Enter the following commands to calculate z-score for each of the values and add it as a new column in the same DataFrame,


In [6]:
# calculate z-score and populate a new column
pandaDF['zscore'] = (pandaDF[valueHeaderName] - pandaDF[valueHeaderName].mean())/pandaDF[valueHeaderName].std(ddof=0)
pandaDF.head(n=5)


Out[6]:
temperature zscore
timestamp
2016-01-05 00:15:00 42.89 -0.290168
2016-01-05 00:30:00 53.20 0.933940
2016-01-05 00:45:00 44.96 -0.044397
2016-01-05 01:00:00 48.05 0.322479
2016-01-05 01:15:00 50.52 0.615743

Plot Anomalies

When we work in notebooks, we can decide how to present your anlysis results and derived information. So far, we have used normal print functions, which are informative. However, we can also show the results in a visual way by using the popular matplotlib package to create plots.
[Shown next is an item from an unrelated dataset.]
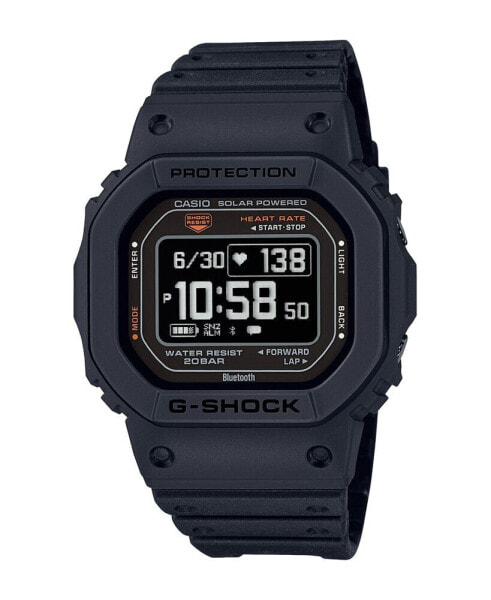 Часы CASIO G-Shock Digital DWH5600-1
Enter the following snippet of the code in the next cell to view the anomaly events in your data and click Run. Observe that the values for which the z-score is above 3 or below -3, marked as abnormal events in the graph shown below,


In [7]:
# ignore warnings if any
import warnings
warnings.filterwarnings('ignore')

# render the results as inline charts:
%matplotlib inline
import numpy as np
import matplotlib.pyplot as plt

'''
This function detects the spike and dip by returning a non-zero value 
when the z-score is above 3 (spike) and below -3(dip). Incase if you 
want to capture the smaller spikes and dips, lower the zscore value from 
3 to 2 in this function.
'''
def spike(row):
    if(row['zscore'] >=3 or row['zscore'] <=-3):
        return row[valueHeaderName]
    else:
        return 0
    
pandaDF['spike'] = pandaDF.apply(spike, axis=1)
# select rows that are required for plotting
plotDF = pandaDF[[valueHeaderName,'spike']]
#calculate the y minimum value
y_min = (pandaDF[valueHeaderName].max() - pandaDF[valueHeaderName].min()) / 10
fig, ax = plt.subplots(num=None, figsize=(14, 6), dpi=80, facecolor='w', edgecolor='k')
ax.set_ylim(plotDF[valueHeaderName].min() - y_min, plotDF[valueHeaderName].max() + y_min)
x_filt = plotDF.index[plotDF.spike != 0]
plotDF['xyvaluexy'] = plotDF[valueHeaderName]
y_filt = plotDF.xyvaluexy[plotDF.spike != 0]
#Plot the raw data in blue colour
line1 = ax.plot(plotDF.index, plotDF[valueHeaderName], '-', color='blue', animated = True, linewidth=1)
#plot the anomalies in red circle
line2 = ax.plot(x_filt, y_filt, 'ro', color='red', linewidth=2, animated = True)
#Fill the raw area
ax.fill_between(plotDF.index, (pandaDF[valueHeaderName].min() - y_min), plotDF[valueHeaderName], interpolate=True, color='blue',alpha=0.6)

# Label the axis
ax.set_xlabel("Sequence",fontsize=20)
ax.set_ylabel(valueHeaderName,fontsize=20)

plt.tight_layout()
plt.legend()
plt.show()


As shown, the red marks are the unexpected spikes and dips whose z-score value is greater than 3 or less than -3. Incase if you want to detect the lower spikes, modify the value to 2 or even lower and run. Similarly, if you want to detect only the higher spikes, try increasing the z-score value from 3 to 4 and beyond.

Derive thresholds

Enter the following command into the next cell to derive the Spike threshold value corresponding to z-score value 3 and click Run.


In [8]:
# calculate the value that is corresponding to z-score 3
(pandaDF[valueHeaderName].std(ddof=0) * 3) + pandaDF[valueHeaderName].mean()


Out[8]:
70.601299674769308

Similarly, Enter the following command into the next cell to derive the dip threshold value corresponding to z-score value -3.


In [9]:
# calculate the value that is corresponding to z-score -3
(pandaDF[valueHeaderName].std(ddof=0) * -3) + pandaDF[valueHeaderName].mean()


Out[9]:
20.066561436341793

This threshold value can be used to create a rule in the Watson IoT Platform to detect anomalies in the current IoT device events in realtime. This will create an alert in realtime when the current sensor reading crosses the threshold value.

Summary

This Notebook showed how to use the z-score to detect anomalies in the historical timeseries data in simple steps. Also, showed how one can derive the threshold values for the given historical data to create rules accordingly in IBM Watson IoT Platform. Developers can consider this Notebook as a template for detecting anomalies in their historical IoT data and modify the python code depending upon the use case.